Eerie est un album superbe d'un bout à l'autre dont la sincérité entière réussit à entraîner le grunge originel vers des sphères de plus en plus progressives, ambiantes nourries de doom, de sludge et s’articulant autour d’une magnifique fibre émotive. Il devrait rejoindre la discographie des amateurs d'excellente musique électrique aussi vite qu'il a rejoint mon top 10 de l'année.

 

 

On aime bien : une musique riche, sincère, à la fibre brute, pleine de belles émotions, les voix..

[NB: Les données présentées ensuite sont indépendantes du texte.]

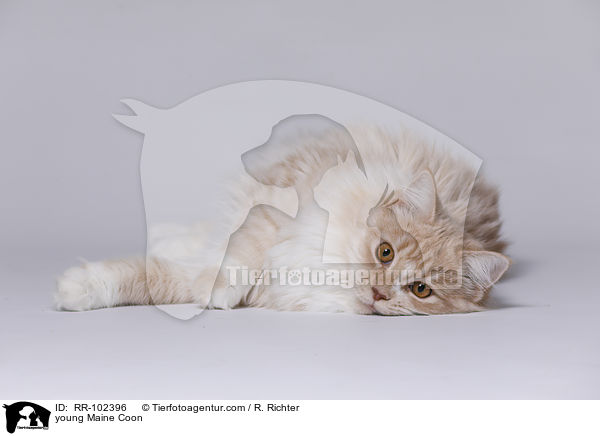 junge Maine Coon / young Maine Coon / RR-102396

On aime moins : rien, même le mixage un peu frustrant parfois, je prends...

photo de 8oris
le 19/09/2024

4 COMMENTAIRES

Tookie

Tookie le 19/09/2024 à 12:25:12

Ouep très bon album ! Un peu les Slift du grunge et avec une pelletée d'émotions en prime.

Thedukilla

Thedukilla le 19/09/2024 à 16:21:55

Un superbe album pour un groupe qui l’est tout autant !
On perd un peu la patte Stoner du précédent, et avec elle un peu d’immédiateté, mais l’opus se révèle avec les écoutes, au point de tourner finalement autant que le dernier Slomosa.
Un grand disque.

Aldorus Berthier

Aldorus Berthier le 19/09/2024 à 19:56:32

Putain c't'artwork c'est une vision féérique pour tous les fans de SF...

Dams

Dams le 20/09/2024 à 07:43:05

Juste génial ! Effectivement un des tops de l'année pour moi.
Une nouvelle belle pièce dans une discographie nickel.
Merci 8oris pour la découverte il y a 4 ans maintenant.